Rick - Only about half are economics. A couple are political geography. One is a book-length meditation in poetry (or at least in stanzas). Some are climate change - which is,in the end economics, true. And two are criticisms of The Empire, which exists for economic domination,but is political and geographic... So, no, economics is not the only area of interest.

The first post of next year will talk directly about the areas of interest most dear to the staff of SAR.

ckm.

Anonymous said...

thats a daunting reading list CK. though it could use a little échapper à la réalité for us commoners.

im not french, but i am feeling a bit like one of Antoinette's cake-eaters lately

Charles Kingsley Michaelson, III said...

Ah, alas, no. I cannot pretend to review them adequately in the little time and space I've set aside. I rather hoped that my recommendation would be sufficient endorsement at least to get my loyal readers to pick them up at the bookstore, buy a cup of coffee and browse through them. At the very least look for the Kirkus reviews on Amazon.

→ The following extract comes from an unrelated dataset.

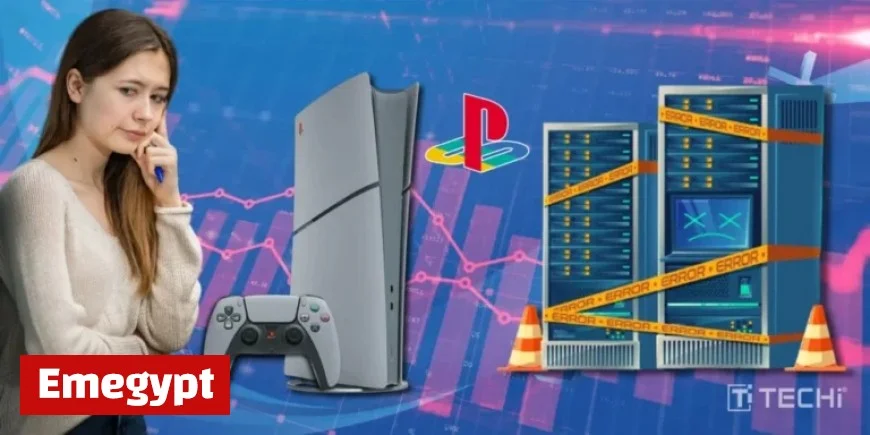 Thousands of Users Affected by Major PlayStation Network Login Issues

Of their various natures they seemed to be the cream - I probably read at least two or three of the same genre for each one mentioned. If you read but one, read the Connell - it is a liberal education in itself. Then Europe Between the Oceans, followed by Monsoon.

ckm.

Anonymous said...

Excellent list CK. I found 4 of interest that I will be checking out of the library after the holiday. Thanks also for a great year of reading...you are among my favorite canaries in our coal mine.

mistah charley, ph.d. said...

A book I've read recently - read twice, in fact - that will interest only those whom it interests is Self Observation: The awakening of conscience - an owner's manual - by Red Hawk.

Anonymous said...

Happy New Year!

Now should I read those books, or give up the internet?

I can't do both dab nabit.

Rick said...

Hmm, Connell is the poetry book. My large urban county library doesn't have a copy.

Well, I'm hooked, ordered a used copy...

Charles Kingsley Michaelson, III said...

Rick - Connell's earlier Notes from a Bottle Found on the Beach at Carmel is a nice companion piece, harder to find and perhaps a bit harder to parse, but well worth the effort. North Point Press reprinted much of ESC's work in the early 80's.